I think the future is bright if we get the right ABI.
>
>>> Given the ability to hold 15 digits of ascii, I don’t see why it would be
>>> worthwhile to worry about a 5-bit representation for digits. String should
>>> not be an Any!
>
> I still don’t understand why this would even be considered, do you have any
> more rationale to explain that?
>
<snip>
>> As to a 5-bit encoding, again, all details pending more experimentation. Its
>> importance may be diminished by more efficient, low-level String
>> construction interfaces. The difference between 15 and 24 characters could
>> be big, considering that formatted addresses and Doubles fit in that range.
>> We’ll see.
>
> I still can’t imagine any workload that would care about this, and cannot see
> why punishing the normal cases would be worth any cost. Can you?
I do not at this time have detailed rationale. FWIW, my plan is to roll out the
small UTF-8 representation first and only add the others if there’s sufficient
data and justification (i.e. cost/benefit analysis). I’m especially interested
in whether more efficient ways to construct and interpolate Strings would
address the perceived need for this form.
>>>> Final details are still in exploration. If the construction and
>>>> interpretation of small bit patterns can remain behind a resilience
>>>> barrier, new forms could be added in the future. However, the performance
>>>> impact of this would need to be carefully evaluated.
>>>
>>> I’d love to see performance numbers on this. Have you considered a design
>>> where you have exactly one small string representation: a sequence of 15
>>> UTF8 bytes? This holds your 15 bytes of ascii, probably more non-ascii
>>> characters on average than 7 UTF16 codepoints, and only needs one
>>> determinator branch on the entry point of hot functions that want to touch
>>> the bytes. If you have a lot of algorithms that are sped up by knowing
>>> they have ascii, you could go with two bits: “is small” and “isascii”,
>>> where isascii is set in both the small string and normal string cases.
>>>
>>
>> We have not yet done the investigation, so all details could change. This is
>> my (perhaps flawed!) reasoning as to why, in general, it may be useful to
>> have multiple small forms. Again, this will change as we learn more.
>>
>> Strings are created and copied (i.e. a value-copy/retain) more often than
>> they are read (and strings are read far more often than they are modified).
>
> If you believe it is highly biased towards this, then this strongly argues
> for a single word representation...
>
… depending on how far along the diminishing returns curve 7 vs 15 UTF-8 code
units is. The killer feature of single-word String is that e.g. Array<String>
is denser and since growth happens via move/take operations, grow operations
are also quicker. However, an Array copy-from-a-write is subject to the
tradeoff of small vs large.
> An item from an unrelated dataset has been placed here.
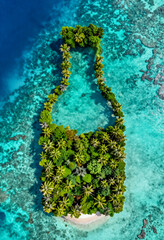 Isola Tropicale Paradiso Vista Aerea Mare Turchese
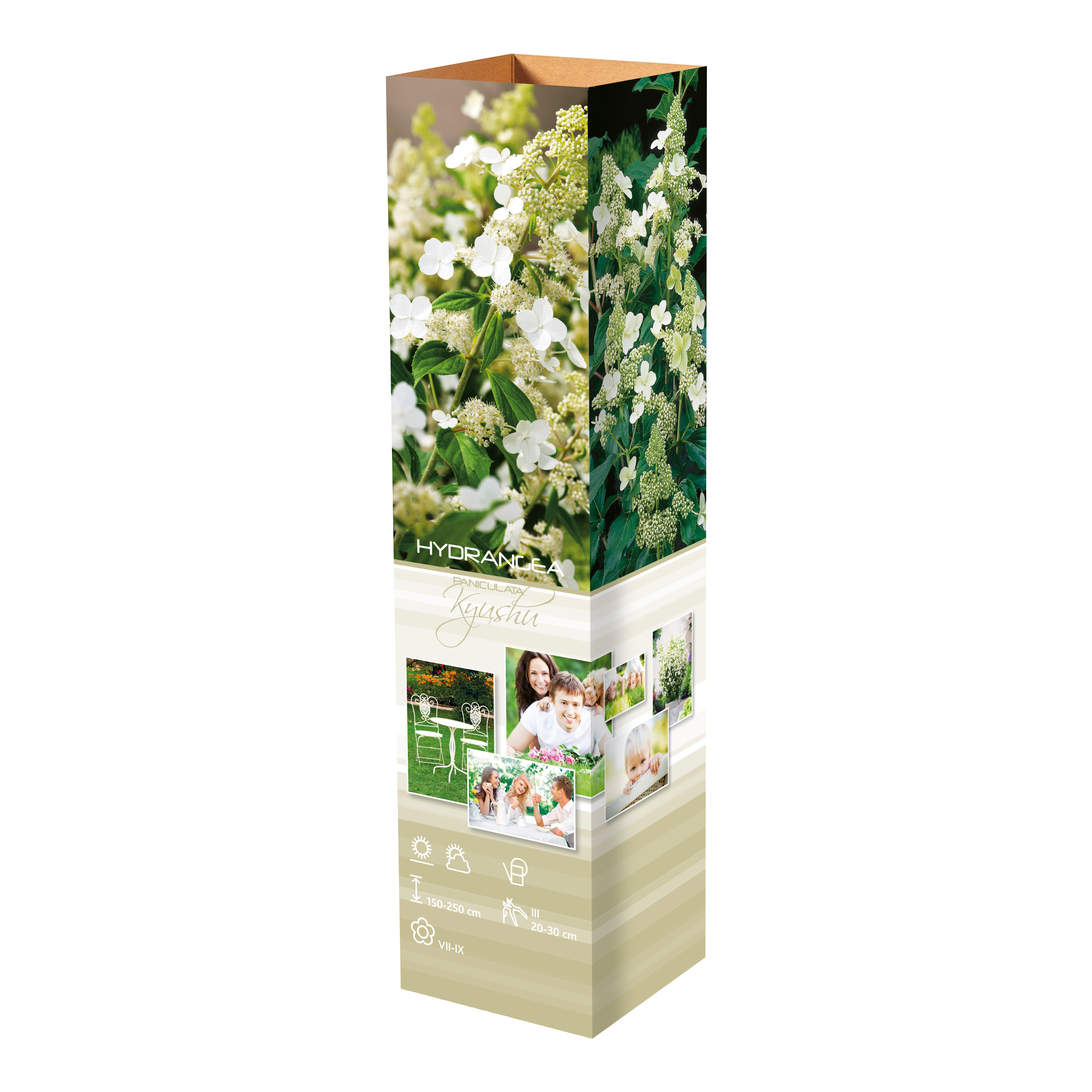Lot de 8 hortensias : 2 roses blancs, 2 roses, 2 bleus, 2 blancs - 30-38 cm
For Strings as arguments / return values, the win
for single-word String is conditional on how many other arguments / return
values there are and our calling convention (which IIRC has devoted many
registers to arguments / return values). There’s also the existential inline
buffer size, which I think is worth spinning off into a separate discussion.
>> 4. The second word can cache useful information from large strings.
>> `endIndex` is a very frequently requested computed property and it could be
>> stored directly in-line rather than loaded from memory (though perhaps a
>> load happens anyways in a subsequent read of the string). Alternatively, we
>> could store the grapheme count or some other piece of information that we’d
>> otherwise have to recompute. More experimentation needed here.
>
> This seems weakly motivated: large strings can store end index in the heap
> allocation.
>
Right. I was hoping that large strings can use the extra bits to recover some
of the (albeit small) regression from accommodating a small form, and endIndex
has a higher relative hit. But, it would probably be better to use them for
something else and not try to “anchor” ourselves to large-string micro
benchmarks.
>> 5. (vague and hand-wavy) Two-words fits into a nice groove that 3-words
>> doesn’t: 2 words is a rule-of-thumb size for very small buffers. It’s a
>> common heap alignment, stack alignment, vector-width, double-word-load
>> width, etc.. 1-word Strings may be under-utilizing available resources, that
>> is the second word will often be there for use anyways. The main case where
>> this is not true and 1-word shines is aggregates of String.
>
> What is the expected existential inline buffer size going to wind up being?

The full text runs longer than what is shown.